● Your objective
Nothing but the lines from the one containing "Image for Herb" through the last line of the data below should be returned, each exactly as it stands, pictures excluded.

========================================================================

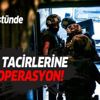 58 ilde uyuşturucu operasyonu! 2 bin 7 kişi gözaltına alındı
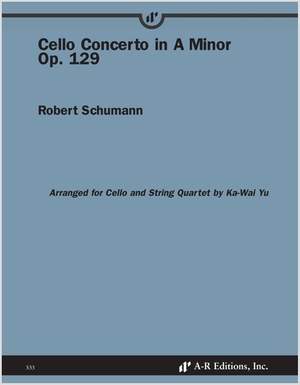 Schumann: Cello Concerto in A Minor, Arr.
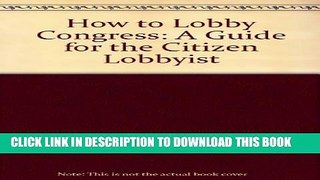 [PDF] How to Lobby Congress: A Guide for the Citizen Lobbyist Full Online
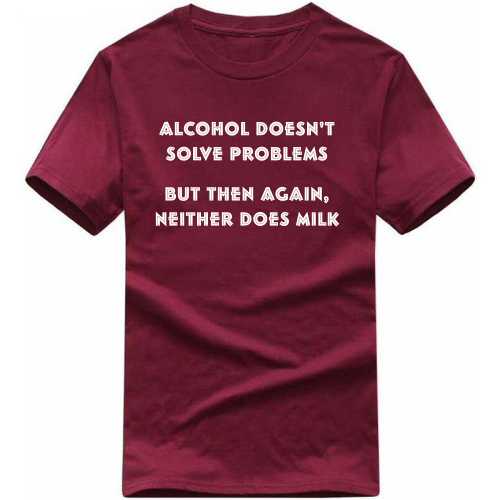 Alcohol Doesn't Solve Problems But Then Again Neither Does Milk Beer Funny Beer Alcohol Quotes T-shirt India image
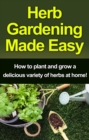 Image for Herb Gardening Made Easy: How to plant and grow a delicious variety of herbs at home!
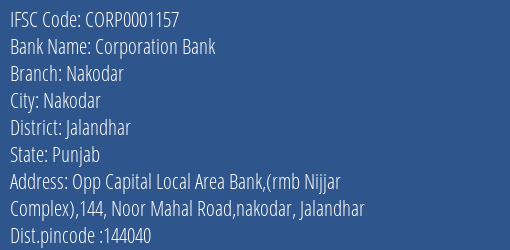 Corporation Bank Nakodar Branch Jalandhar IFSC Code CORP0001157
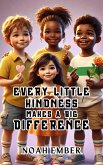 Every Little Kindness Makes a Big Difference (eBook, ePUB) Every Little Kindness Makes a Big Difference (eBook, ePUB)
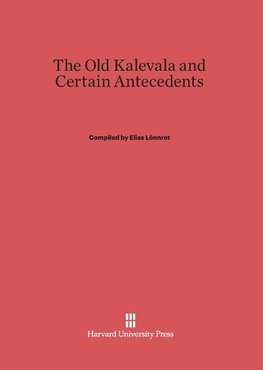 The Old Kalevala and Certain Antecedents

========================================================================

● Task result
 Image for Herb Gardening Made Easy: How to plant and grow a delicious variety of herbs at home!
 Corporation Bank Nakodar Branch Jalandhar IFSC Code CORP0001157
 Every Little Kindness Makes a Big Difference (eBook, ePUB) Every Little Kindness Makes a Big Difference (eBook, ePUB)
 The Old Kalevala and Certain Antecedents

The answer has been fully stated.